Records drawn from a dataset

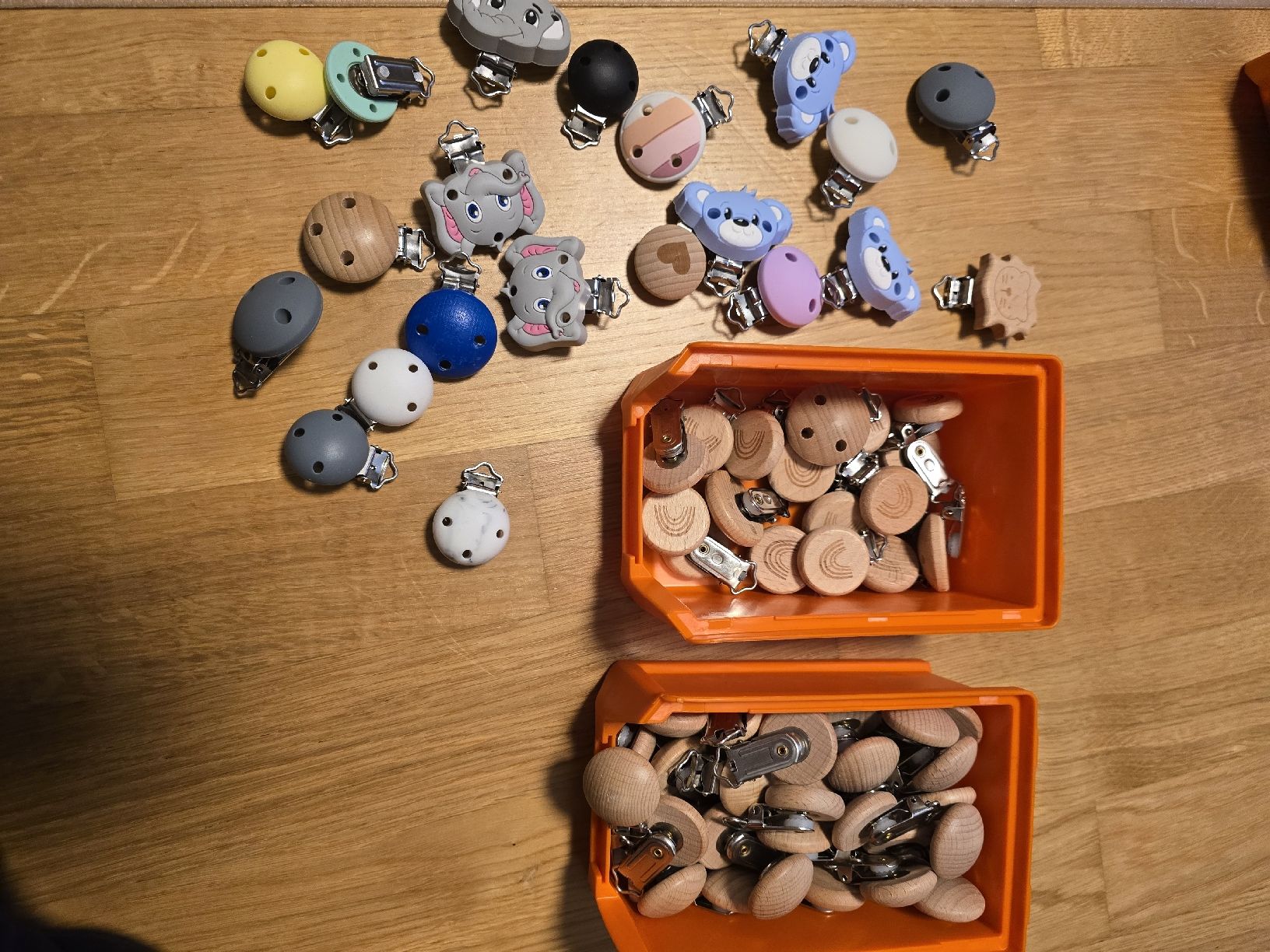 Perlen (unechte): Nuggi- und Beissring- Sillikonperlen – Neu und originalverpackt aus Sulgen von Seven_Speed 3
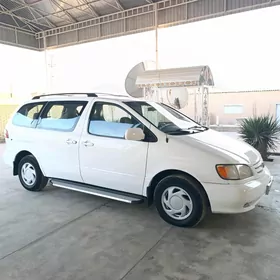 Toyota Sienna 2002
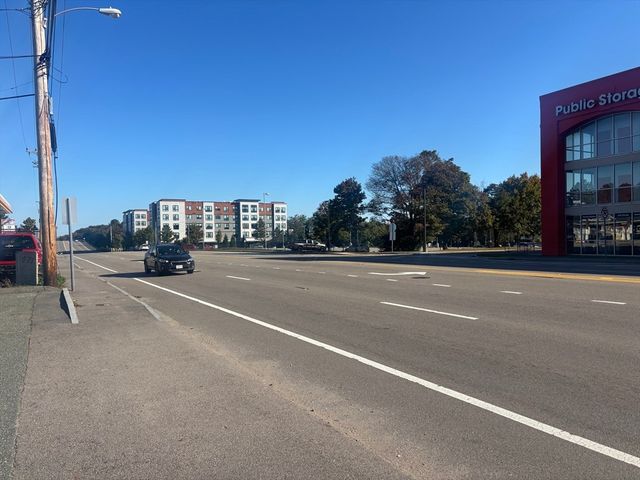 1471 Main St upper, Weymouth, MA 02190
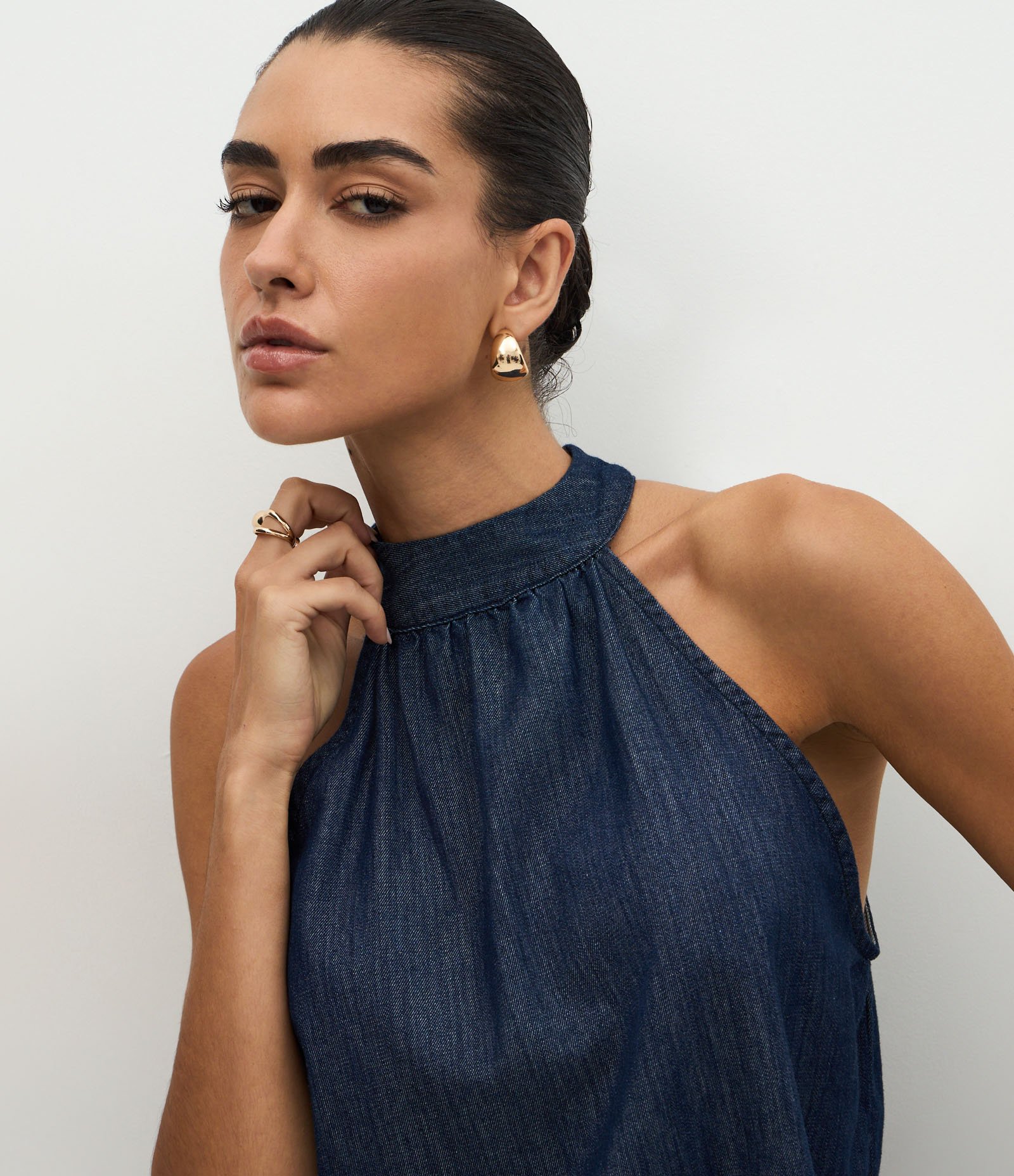 Regata Halter em Jeans com Amarração na Nuca Azul Escuro 3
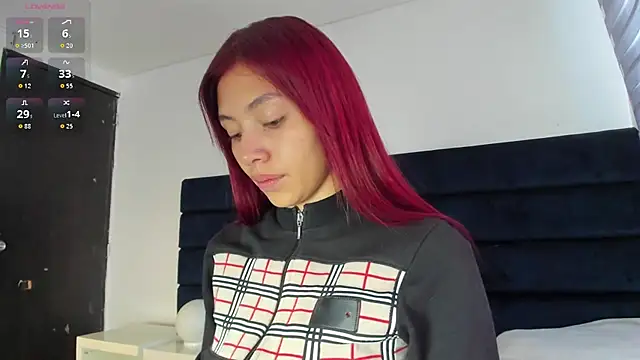 Snapshot of melanie_roux__ chatting on 02/25/26, 12:16 melanie roux online show from 02/25/26, 12:16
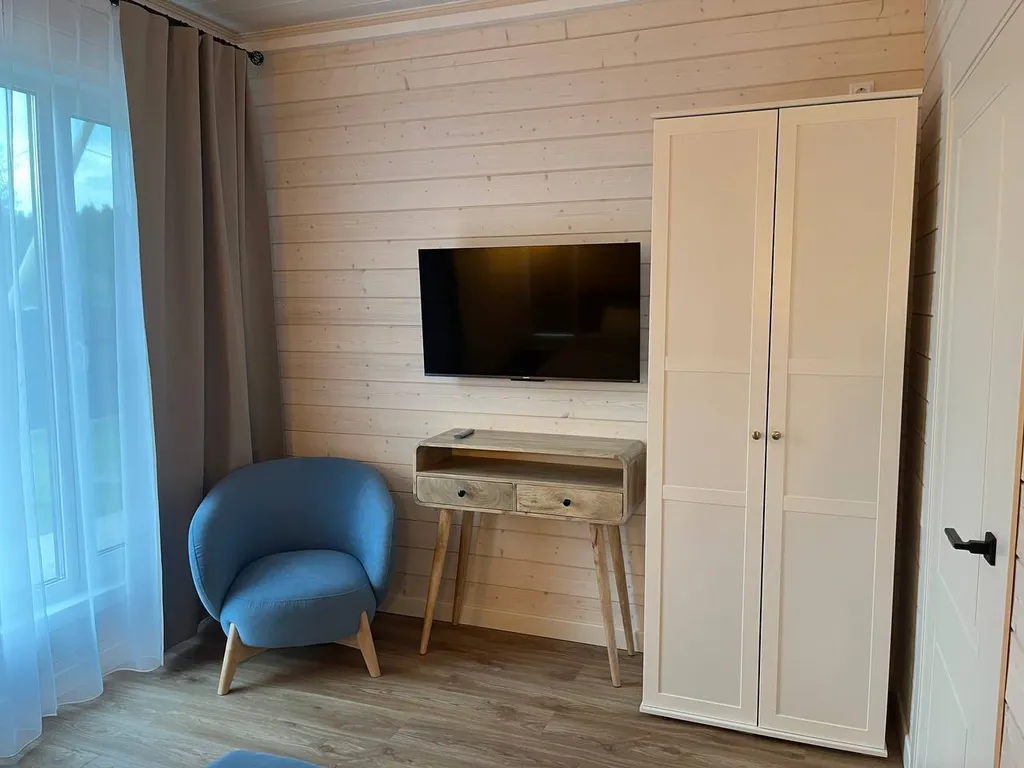 Роскошный коттедж на берегу озера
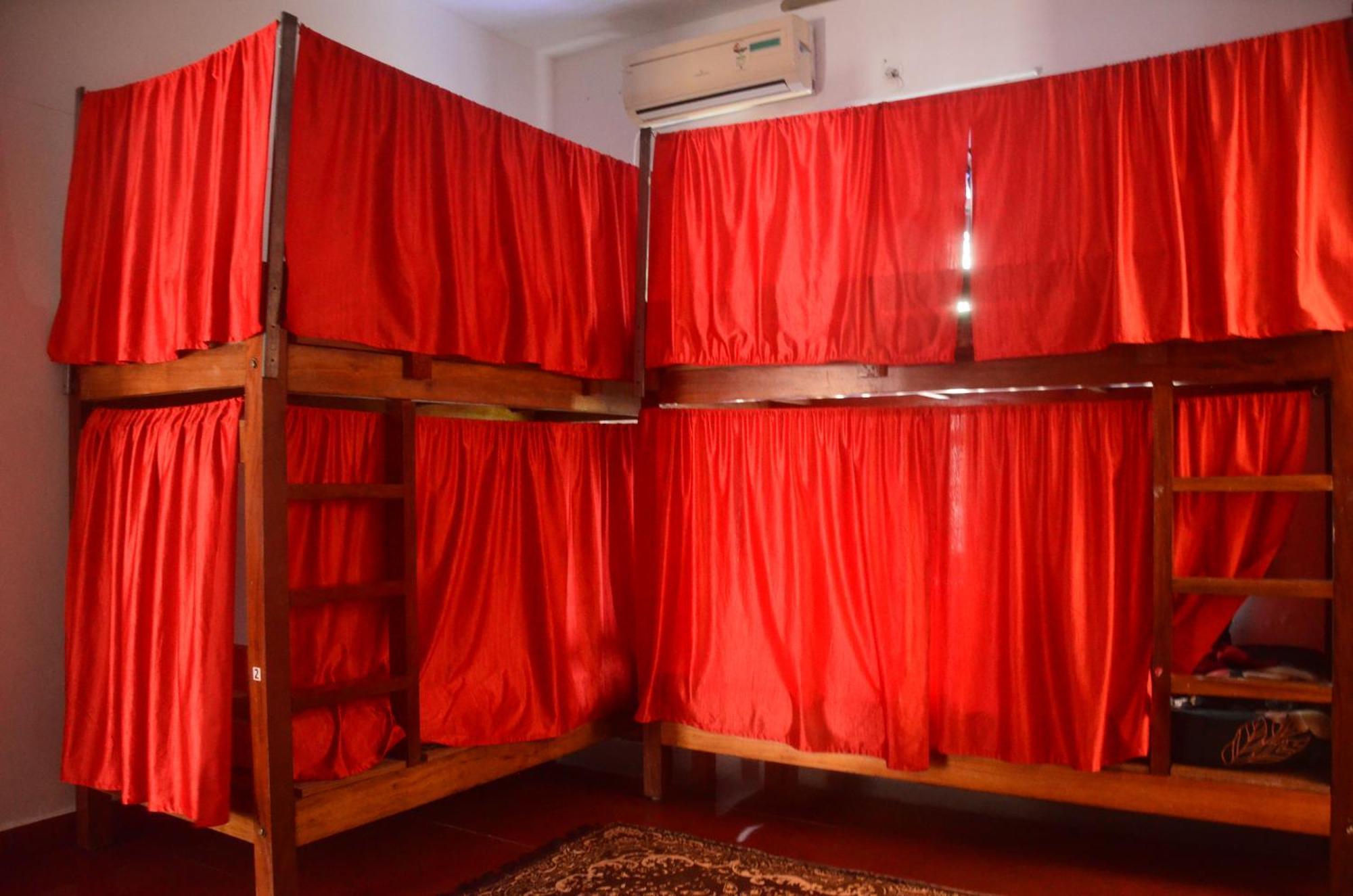 Hostelexp, Varkala - A Beach Town Hostel ภายนอก รูปภาพ
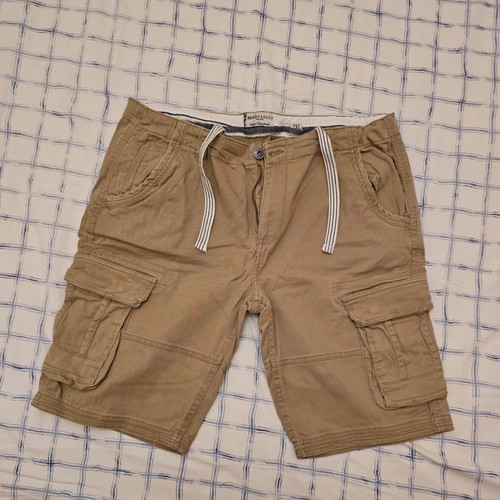 Berto Lucci Cargo Shorts like new, size XXL, beige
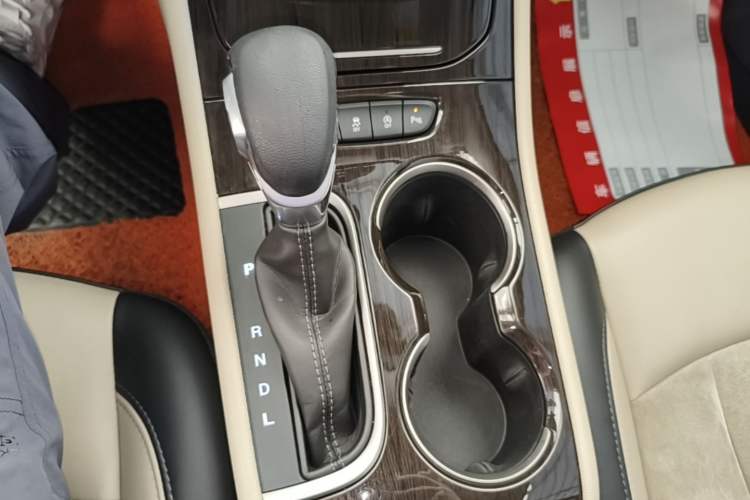 Used Buick Verano 2018 Sedan 15S Automatic Leading Model Gear Lever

• _TASK REQUIREMENTS_
Write out the records above once more, word for word, with no pictures.

• _ANSWER SECTION_
 Perlen (unechte): Nuggi- und Beissring- Sillikonperlen – Neu und originalverpackt aus Sulgen von Seven_Speed 3
 Toyota Sienna 2002
 1471 Main St upper, Weymouth, MA 02190
 Regata Halter em Jeans com Amarração na Nuca Azul Escuro 3
 Snapshot of melanie_roux__ chatting on 02/25/26, 12:16 melanie roux online show from 02/25/26, 12:16
 Роскошный коттедж на берегу озера
 Hostelexp, Varkala - A Beach Town Hostel ภายนอก รูปภาพ
 Berto Lucci Cargo Shorts like new, size XXL, beige
 Used Buick Verano 2018 Sedan 15S Automatic Leading Model Gear Lever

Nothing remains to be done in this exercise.